As I started reading I was surprised how useful it was to be able to look up words in the dictionary; there are a lot of words I sort of know, but now I can look them up to get exactly the nuance.  Not only does the author's meaning come through more clearly, but your vocabulary expands :)

So far I have downloaded a few books, and it was really easy, and really fast.  The Kindle uses something Amazon calls "whispernet", which is a combination of EVDO (where available) and 1XRTT (where EVDO is not).  At my house, on EVDO, it takes less than thirty seconds to download a whole book.  Pretty impressive.  Books seem to be about $10, roughly half their paper cost.  I have chosen a few books I've been meaning to read for my trip: The Black Swan: The Impact of the Highly Improbable, Halting State, Thirteen, and The God Delusion.  I also downloaded a Brazilian travel guide :)

Anyway so far I am really impressed and delighted.  It was a great gift (thank you Shirley!) and I think it will be a wonderful traveling companion.  I'll have more to say about it after my trip I'm sure, stay tuned...

 

 

Saturday,  11/08/08  05:38 PM

Checking in after a quiet day...  worked mostly, while feeling guilty for not packing for my trip to Brazil :) and squeezed in a nice ride (last for a week, I'm afraid...)  And now I have just enough time to see what the world is up to, and then it is off to a party...  and tomorrow off to Sao Paulo.  My next post will be from South America - who knows, it could be upside down :)

If you're not tired of the Presidential election yet, you might enjoy these election maps...  the one at right depicts state-by-state results, with the areas of each state skewed by its population.  You can see just how not-close the election was...  [ via Brad Feld

Dave Winer: changing the way we do news.  "What didn't change in the 2008 election is the way news flowed.

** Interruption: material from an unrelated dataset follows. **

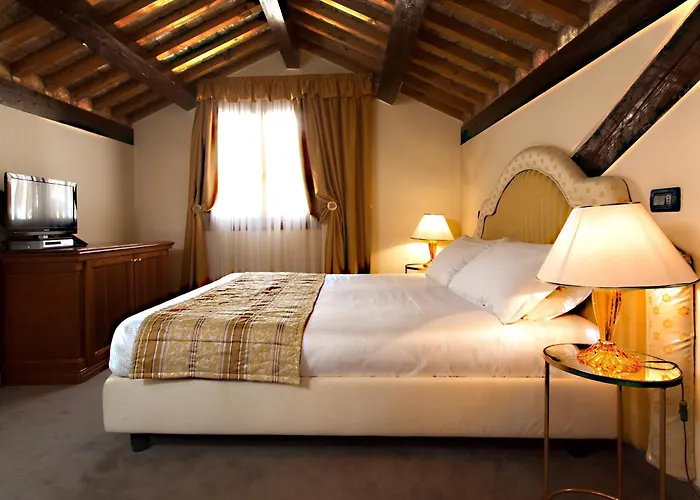Hotel met uitzicht: Ca' San Giorgio B&B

This is a big disappointment to me and something that causes great concern. I see the newspapers dying, and the broadcast media failing to do news, and I want to evolve to the next thing, but it doesn't seem that's the way it'll go."  Dave and I disagree on a lot, but on this I agree with him completely. 

Philip Greenspun thinks we should let G.M. go bankrupt.  Me, too.  The longer this federal bailout period is taking, the more I think the whole thing was a mistake.  Markets work, if you let them.  And bailouts by the government is the opposite of letting them work. 

Speaking of bankrupt, here we have $1B Zimbabwe dollars.  Yes, that is a real note (thanks Adam Curry) and yes, it is basically worthless.  Actually I think it might have value as a collector's item; I wouldn't mind having one :) 

Mark Cuban has some good advice for Obama: Entrepreneurs will lead us out of this mess. Talk to Them.  "Your current group has no one with 100pct of their networth on the line. I promise you that the possibility of losing it all will provide a completely different perspective than any of the “knowledge” the esteemed, learned members of his current advisory team offer."  Indeed. 

This is really cool: Scientific American has pictures of the International Space Station.  The other day I linked the five most plausible sci-fi movies; well this ain't no movie, but it would fit right in with 2001's Discovery, don't you think?  I remember the old joke, it would cost less to send a man to Mars than to make a move about it, but that wasn't true; space travel is really expensive, especially when [non-expendable] people are involved.  But when you see the ISS and such, it such seems worth it... 

Sadly, it appears NASA have lost contact with the Phoenix lander as it freezes in the Martian North.  It's mission did last five months, nearly twice as long as the projected three months, and there is still a little hope... 

Surfing picture of the day, or any day; Kerby Brown takes on a monster...  unbelievably, the wave closed out and slammed him, but he survived... 

Here we have fifty strange buildings of the world.  And they are truly strange, and quite amazing.  There is a such a variety represented it is hard to pick my favorite...  but I did, and here it is :)  YMMV!